** Opening Stored data block **
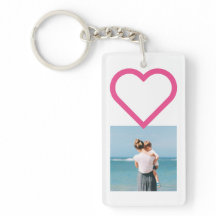 Keychain del corazón rosado de Collage de fotos de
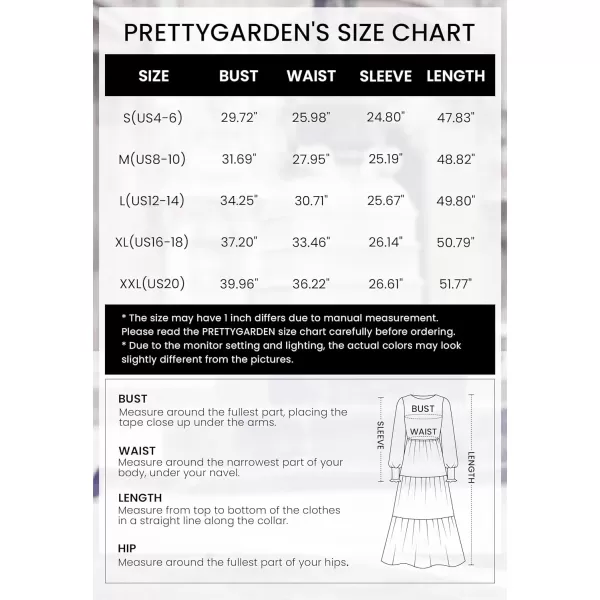 imagePRETTYGARDEN Womens Fall Midi Dress Long Sleeve Floral Smocked Elegant Wedding Guest Long Flowy DressesArmy Green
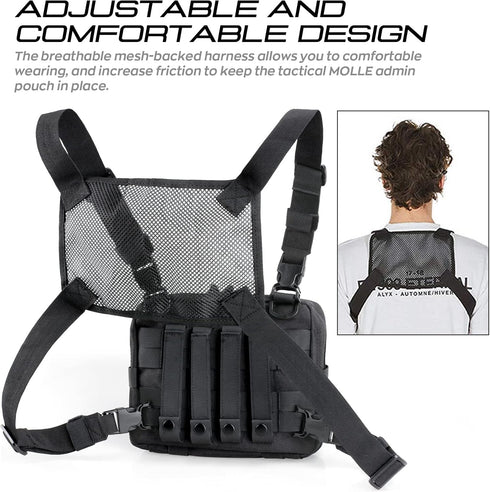 WYNEX Tactical Mag Admin Pouch, Molle Utility Tool Organizer with Triple Stacker Magazine Holder for M4 M16, Patch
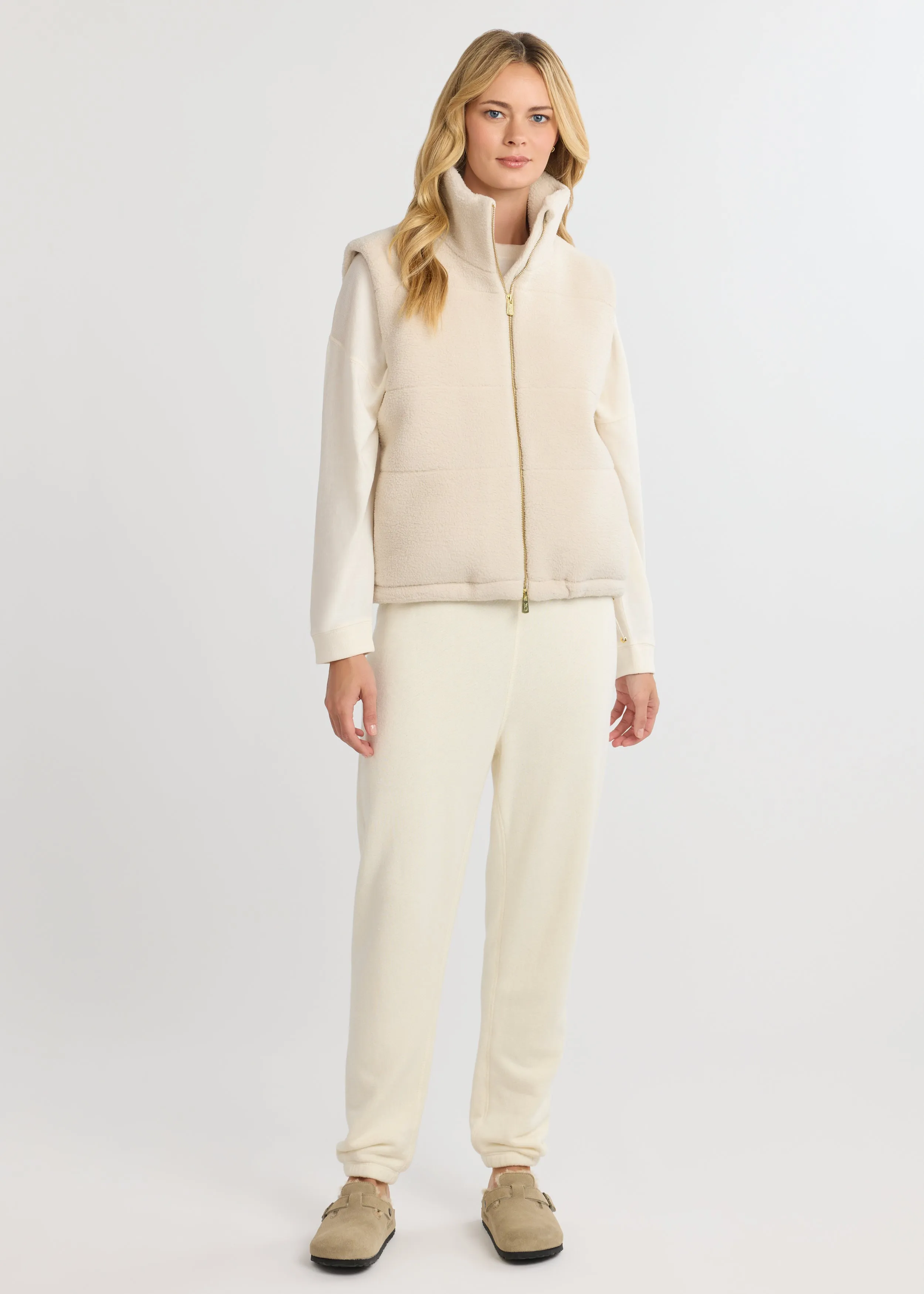 Puffer Vest in Sherpa Fleece (Oatmeal) sold by Dudley Stephens product image thumbnail 2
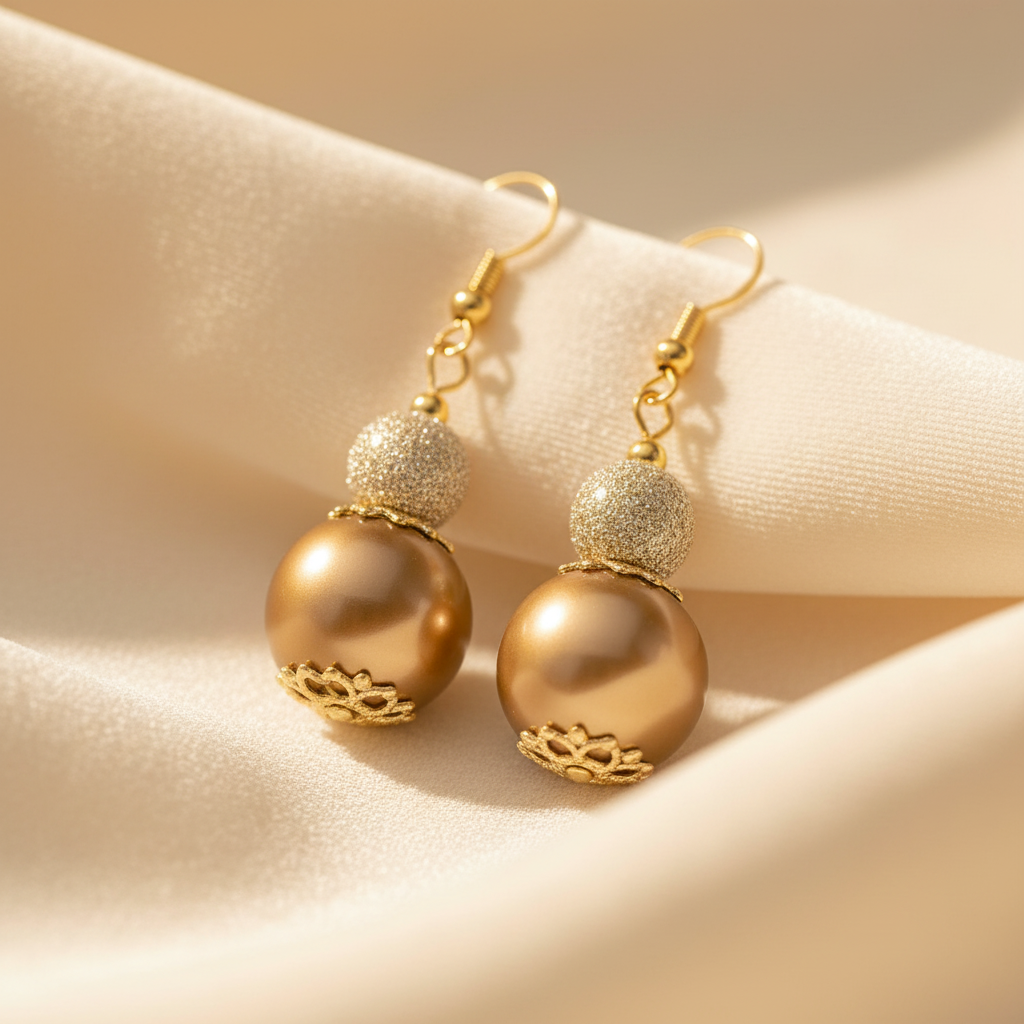 Gold pearl drop earrings styled detail shot on cream fabric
** Closing Stored data block **
Exercise prompt
Since the pictures are not wanted, copy only the text of the records above, exactly.

Completed exercise
 Keychain del corazón rosado de Collage de fotos de
 imagePRETTYGARDEN Womens Fall Midi Dress Long Sleeve Floral Smocked Elegant Wedding Guest Long Flowy DressesArmy Green
 WYNEX Tactical Mag Admin Pouch, Molle Utility Tool Organizer with Triple Stacker Magazine Holder for M4 M16, Patch
 Puffer Vest in Sherpa Fleece (Oatmeal) sold by Dudley Stephens product image thumbnail 2
 Gold pearl drop earrings styled detail shot on cream fabric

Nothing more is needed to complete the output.